Lomonald · Yesterday 08:50

Well tell her you will meet her there if that is genuinely what she wants to do tell her to crack on.

Edited

It’s just so ridiculous. I feel like I shouldn’t encourage it

OP posts:
Cla7 · Yesterday 08:51

This sounds like the overreaction of the century. Why not reply ‘hi friend, I’ll see you at the airport, I’ll be there around 3” and continue your work.

LuckyHazelFox · Yesterday 08:51

Your friend would be better off going it alone. I'm sure she would if she saw this thread.

GimmieABreakOr3 · Yesterday 08:52

whereismyhisband · Yesterday 08:50

My attitude isn’t the problem, it’s her! She said she was an anxious traveller, I thought okay cool, probably just some light anxiety around flying. Nope. Fully having a panic attack at 6am because we won’t be at the airport until 1:45.

How exactly is she having a panic attack? Or is that just inflammatory language you’re using to describe someone who is worried and wants to be at the airport early? Some people are just like that. It sounds like you’re both different, but yabvu to want to cancel over this.

Lomonald · Yesterday 08:53

whereismyhisband · Yesterday 08:51

It’s just so ridiculous. I feel like I shouldn’t encourage it

You are not encouraging it as you said she is an adult and this is how she thinks she will cope, just say you will meet her there i bet she will rally and have a think and go.at the planned time.

GimmieABreakOr3 · Yesterday 08:53

whereismyhisband · Yesterday 08:51

It’s just so ridiculous. I feel like I shouldn’t encourage it

You don’t sound like you like her at all, maybe you should do her a favour and not go.

dancingdeidre · Yesterday 08:54

whereismyhisband · Yesterday 08:45

I don’t think it’s unfair. She’s a fully grown adult and wants to get to the airport nearly 6 hours early.

Then she can go early and you will see her there. Tell her that and switch off your phone until you are actually in the airport and can have a coffee together.

Tillow4ever · Yesterday 08:54

Are you sure it’s a maximum of 3 hours before? I thought it was usually a minimum of 3 hours before…

Your timings look fine in principal, but I can see why she’s worried - she doesn’t travel as much as you, so obviously would just feel better getting to the airport early so no issues with delays etc.

Will you finish on time at 12? You say you’re 15 mins from home, any chance of delays to you getting home? Are your bags ready so it’s literally finish work, jump in the car, be home by 12:30pm, load your bags into the car and leave immediately? Or do you still need to pack etc when you get home?

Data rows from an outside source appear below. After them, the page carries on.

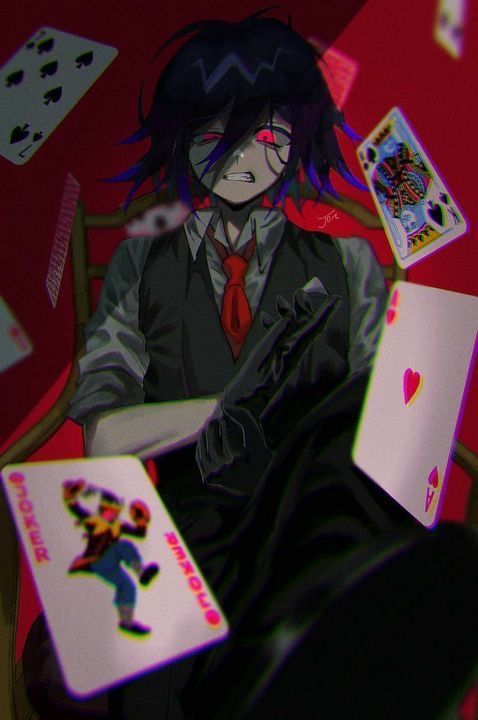 kokichi ouma pfp 0066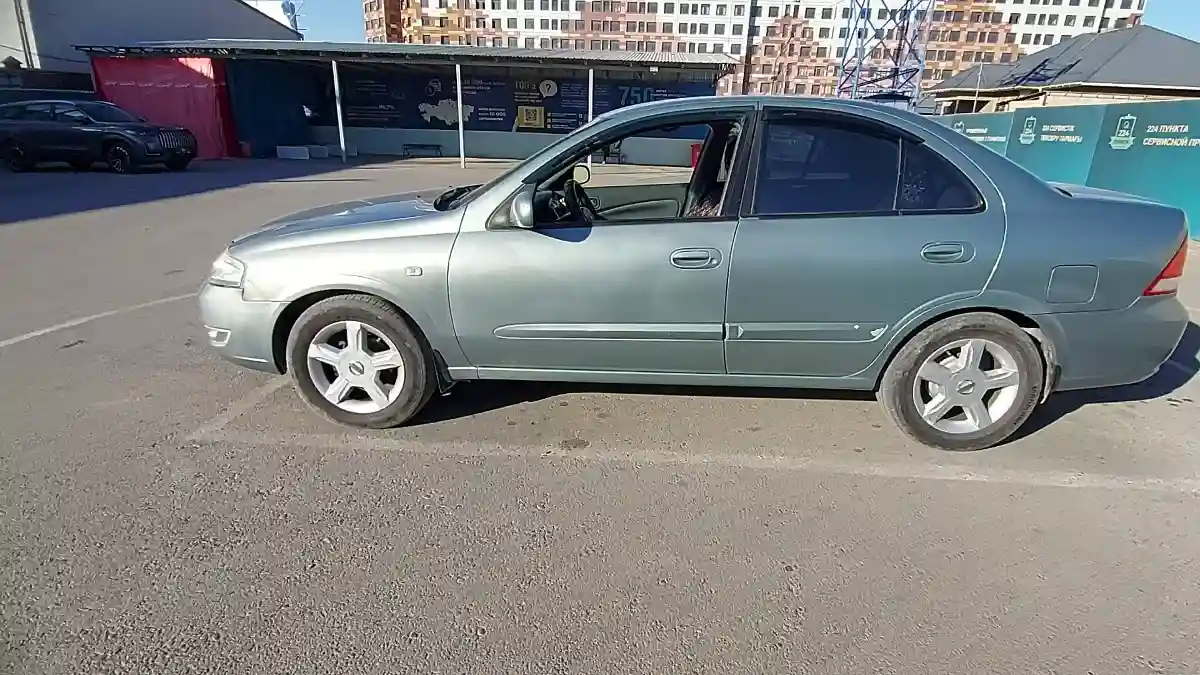 Nissan Almera Classic 2007 года за 3 300 000 тг. в Шымкент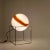 Sculptural Murano Glass Table or Floor Lamp from Venini, 1970s For Sale - Image 6 of 16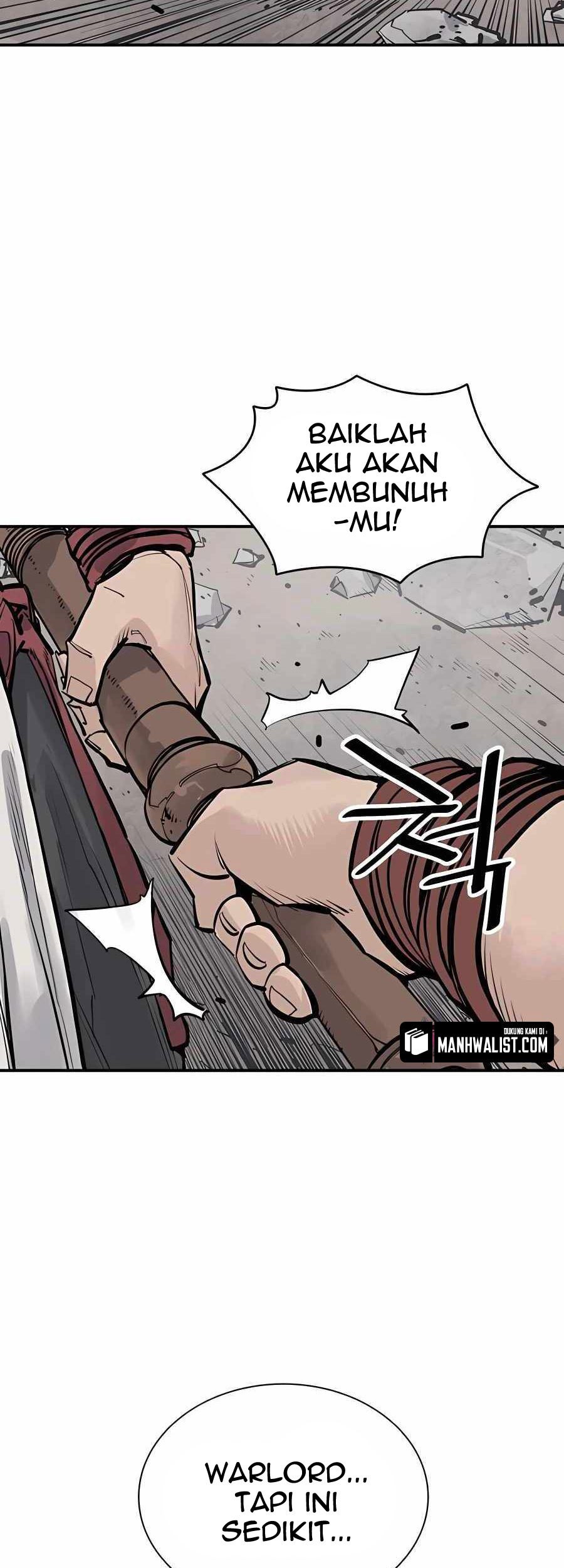 Death God Chapter 21 - halaman 57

You clearly don’t have financial issues or you wouldn’t be considering losing that sort of money because you can’t be arsed to go anymore - maybe your friend can’t afford to risk missing the flight for any reason at all.

You are clearly two different people in your approaches - she would rather be there too early because then she can relax. You sound like the sort that they’ll be calling your name to get your arse on the plane. That attitude is likely to stress your friend even further.

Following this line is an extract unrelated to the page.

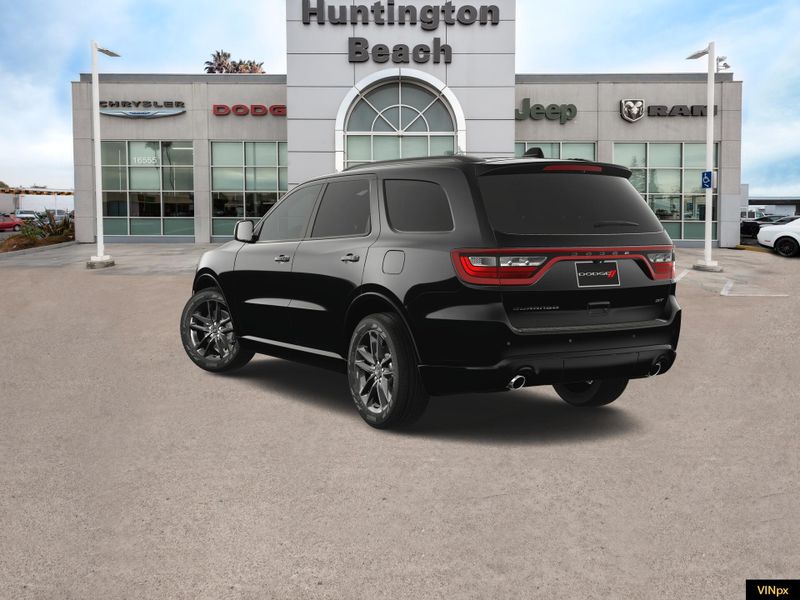 2025 Dodge Durango GT RWDImage 5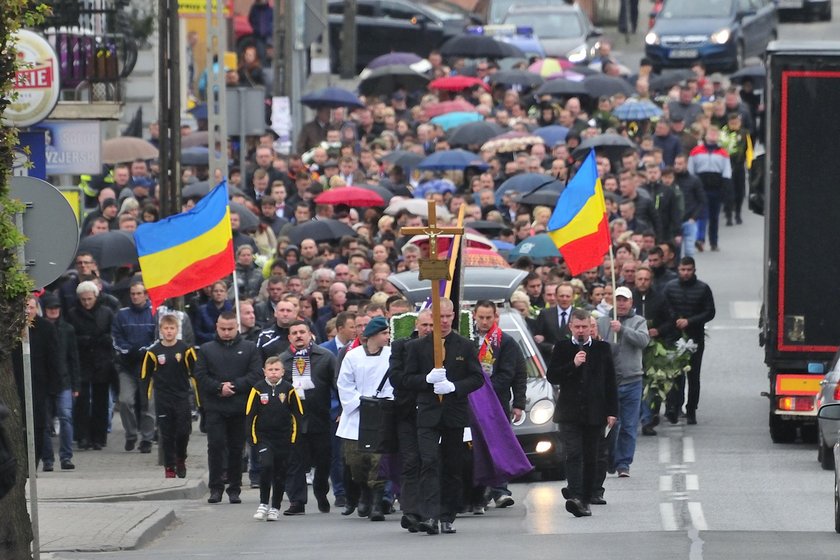 Piłkarz uratował trzy osoby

Try to reassure her - if you have to travel together, maybe agree to leave a little earlier if you can but explain you can’t change your work plans at this short notice (she should have said something when you guys were planning). If you’re travelling separately, tell her you’ll meet her at the airport and you won’t be offended by her getting there early.

whereismyhisband · Yesterday 08:54

GimmieABreakOr3 · Yesterday 08:52

How exactly is she having a panic attack? Or is that just inflammatory language you’re using to describe someone who is worried and wants to be at the airport early? Some people are just like that. It sounds like you’re both different, but yabvu to want to cancel over this.

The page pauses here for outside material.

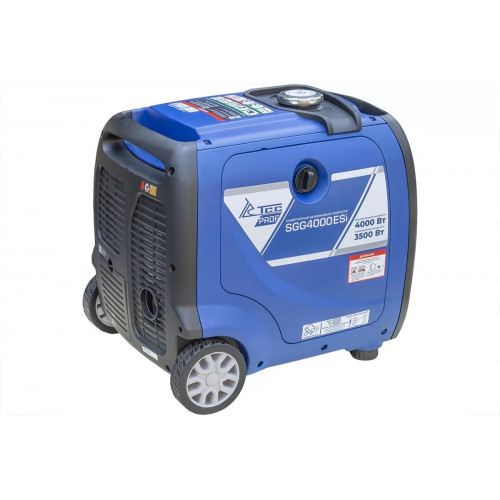 Бензогенератор инверторный TSS SGG 4000ESi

I’ve had nearly 100 messages off her this morning. Fretting about bag drop closing, about us getting stuck in queues, it’s like she’s never been to the airport before

OP posts:
SmashThePatriarchy · Yesterday 08:55

That will really help with her anxiety! Stop being a shit friend and just reassure her.

Poppingby · Yesterday 08:55

It's not encouraging it to let her do what she wants. It's not being responsible for her anxiety which is fine. If she wants to let her anxiety make her do things that are a bit nuts that's up to her. If you cancel or try to respond to the anxiety by digging in you're letting it control you AND her.